For example in a Hilbert system for propositional logic, one sample system uses modus ponens along with three axioms:
I. $A \to (B \to A)$
II. $(A \to (B \to C)) \to ((A \to B) \to (A \to C))$
III. $(\lnot B \to \lnot A) \to (A \to B)$
How did Hilbert come up with these axioms as enough to represent an entire logic system?
Is it mostly trial and error to come up with a set of axioms or is there a method to the madness?
How this set of axioms was originally found was likely a mixture of trial and error, adapting earlier work, and optimizing for the minimal number of axioms. Connections to combinatory logic that I touch on below were probably also a factor.
For a (probably) ahistorical account, let me begin by slightly rewriting the first two axioms:
$A\to(\Gamma\to A)$
$(\Gamma\to(A\to B))\to(\Gamma\to A)\to(\Gamma\to B)$
If we scratch out the $\Gamma$s, we get $A\to A$ and $(A\to B)\to(A\to B)$ (the latter can be thought of as a curried form of $(A\to B)\land A \to B$). We can think of these as internalizations of the Identity and Cut rules: $$\dfrac{}{A\vdash A}\qquad \dfrac{A\vdash B\qquad \vdash A}{\vdash B}$$ Adding the $\Gamma$s back gives us internalizations of the above rules with contexts, i.e. the rules: $$\dfrac{}{\Gamma,A\vdash A}\qquad \dfrac{\Gamma,A\vdash B\qquad \Gamma\vdash A}{\Gamma\vdash B}$$
The upshot is that we can encode hypothetical reasoning by encoding $\Gamma\vdash A$ as $\Gamma\to A$ and then manipulating these with the internal identity and cut "rules". Sure enough, axioms I and II are what is necessary to prove the Deduction Theorem. As a proof relevant perspective on this, axioms I and II correspond to $K$ and $S$ of combinatory logic and the Deduction Theorem corresponds to bracket abstraction.

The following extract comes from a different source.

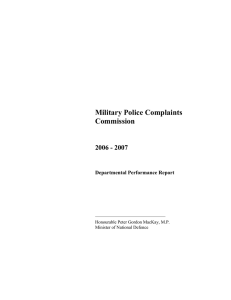 Military Police Complaints Commission 2006 - 2007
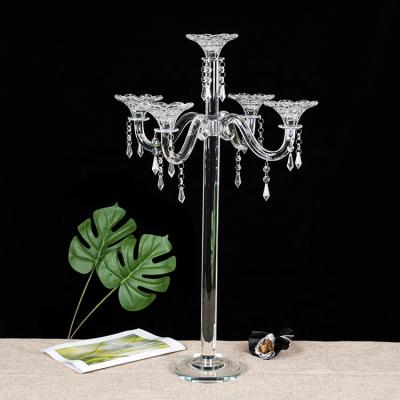 China Home Decoration Wholesale 5 Heads Crystal Glass Cheap Tall Candelabra With Drops For Home Use for sale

If we stop here, we have positive implicational logic. If we continue on and keep using our idea of encoding hypothetical reasoning $\Gamma\vdash A$ as $\Gamma\to A$, then we should look at the rules for $\neg$. In the sequent calculus they are: $$\dfrac{\Gamma,\neg A\vdash\Delta}{\Gamma\vdash A,\Delta}\qquad\dfrac{\Gamma\vdash\neg A,\Delta}{\Gamma,A\vdash\Delta}$$ Of course, using both of these rules gives: $$\dfrac{\Gamma,\neg B\vdash\neg A,\Delta}{\Gamma,A\vdash B,\Delta}$$ This rule has the benefit of not changing the number of conclusions. We can roughly get the original rules by choosing $A$ to be something that's provable or $B$ something that is refutable.
The first rule for $\neg$ suggests that we can represent the extra conclusions, $\Delta$, via extra negated assumptions in $\Gamma$. The third axiom then doesn't need to deal with the assumptions, since the Deduction Theorem based on the other two axioms means we can add them when we want. The handwaving I'm doing here is whether a rule like $\dfrac{\Gamma,\neg B\vdash\neg A}{\Gamma,A\vdash B}$ is strong enough as the only rule for negation to derive all classical results (in a context where we also have rules for implication). We could, for example, take $\neg\neg A\to A$ as an axiom instead but this turns out to be too weak on its own. That this might be the case, you could see by viewing it as an encoding of a rule as we've been doing. That (encoded) rule doesn't give us any way of dealing with singly negated hypotheses or (single) negations in conclusions.
In general, a lot of axioms in Hilbert style systems can be understood as viewing them as encodings of rules. As an example, one axiom for $\lor$ is $(A\to C)\to(B\to C)\to (A\lor B \to C)$ which we can view as an encoding of the rule $\dfrac{A\vdash C\qquad B\vdash C}{A\lor B\vdash C}$. Of course, the encoding represents $\vdash$, meta-implication (i.e. the horizontal bar in rules), and $\to$ all as $\to$. For example, above I said the second axiom encoded the Cut rule, but I could just as well have said it encoded a modus-ponens-with-contexts rule.